Angie Heo: The Political Lives of Saints. Christian-Muslim Mediation in Egypt

On March 2, 2018 Angie Heo delivered a talk in our visiting seminar titled “The Political Lives of Saints: Christian-Muslim Mediation in Egypt”. We later conducted a brief interview with her.

Photo: Angie Heo

Photo iconography for the Libya Martyrs in the village of ‘Aur in Minya. Honored by the Coptic Church, the Libya Martyrs are the twenty-one migrant laborers who were killed by ISIS in February 2015.

Below is the abstract of the above mentioned talk:

From the Arab uprisings in 2011 to ISIS’s rise in 2014, Egypt’s Copts have been at the center of anxious rhetorics around the politics of Christian-Muslim coexistence in the Middle East. Despite the unprecedented levels of violence they have suffered in recent years, the current predicament of Copts signals more durable structures of church and state authoritarianism that challenge the ahistorical kernel of persecution politics and Islamophobia.

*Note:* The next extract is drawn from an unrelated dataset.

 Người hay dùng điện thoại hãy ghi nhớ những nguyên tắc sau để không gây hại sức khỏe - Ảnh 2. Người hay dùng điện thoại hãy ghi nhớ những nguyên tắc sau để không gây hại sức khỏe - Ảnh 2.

This talk examines the political lives of saints to specify the role that religion has played in the making of national unity and sectarian conflict in Egypt since the 1952 coup. Based on years of fieldwork throughout Egypt, it argues that the public imaginary of saints – the Virgin, martyrs (ancient and contemporary), miracle-workers – has served as a key site of mediating social relations between Christians and Muslims. It further delves into the material aesthetics of Orthodox Christianity to grasp how saintly imaginings broker ties of sacrifice across faiths, reconfigure sacred territory in times of war, and present threats to public order and national security. Above all, it draws attention to the ways in which an authoritarian politics of sainthood shores up Christian-Muslim unity in the aftermath of war, revolution and coup. In doing so, this talk directly counters recurrent and prevalent invocations of Christianity’s impending extinction in the Arab Muslim world.